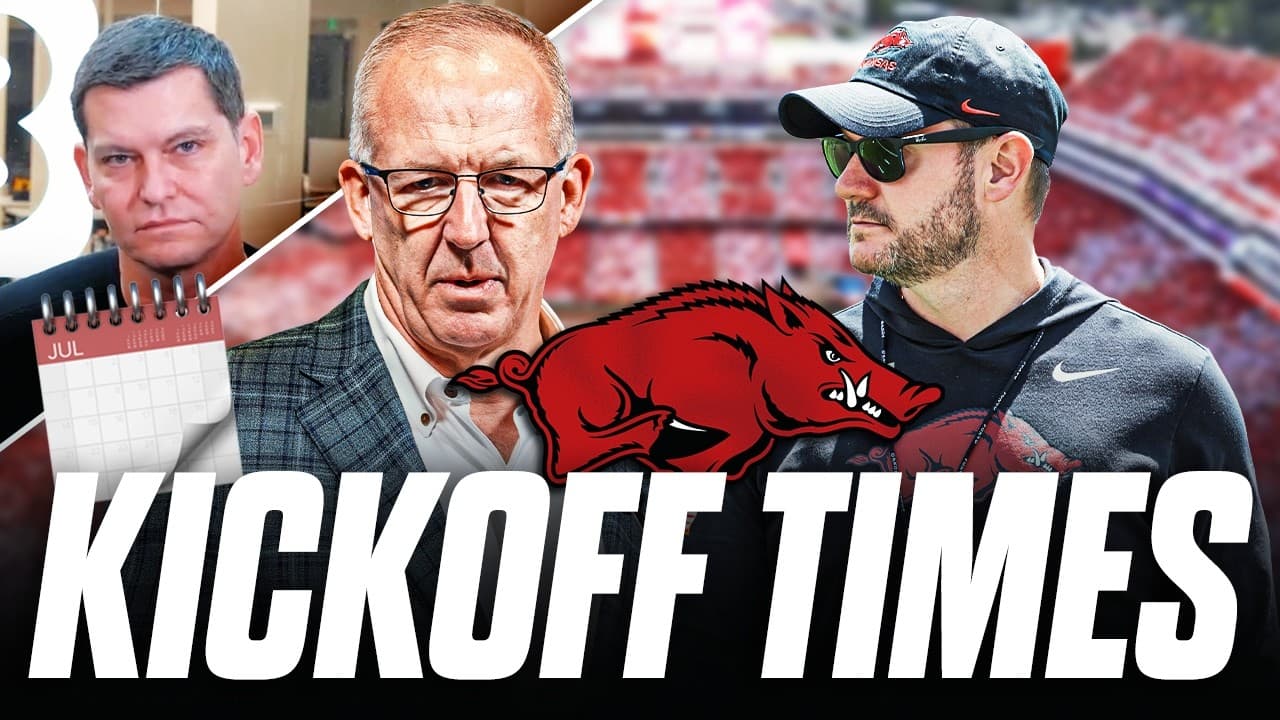 Early College Football Kickoff Times ANNOUNCED: Why Arkansas AD is UPSET with ESPN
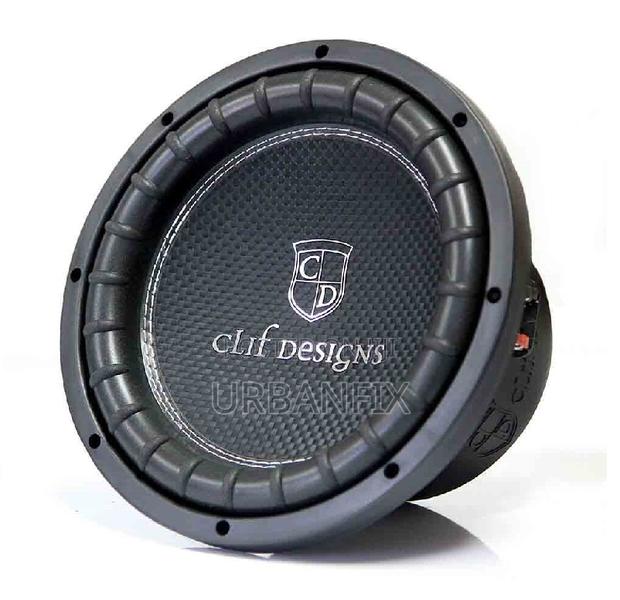 1200 Watts 12 Inch Clif Designs Double Coil Subwoofer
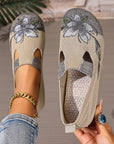 Arixa - Ademend Comfortabele Schoenen met Geborduurde Bloem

• **WORK TO COMPLETE**: Drop the images and return the data verbatim.

• **ANSWER**:
 Early College Football Kickoff Times ANNOUNCED: Why Arkansas AD is UPSET with ESPN
 1200 Watts 12 Inch Clif Designs Double Coil Subwoofer
 Arixa - Ademend Comfortabele Schoenen met Geborduurde Bloem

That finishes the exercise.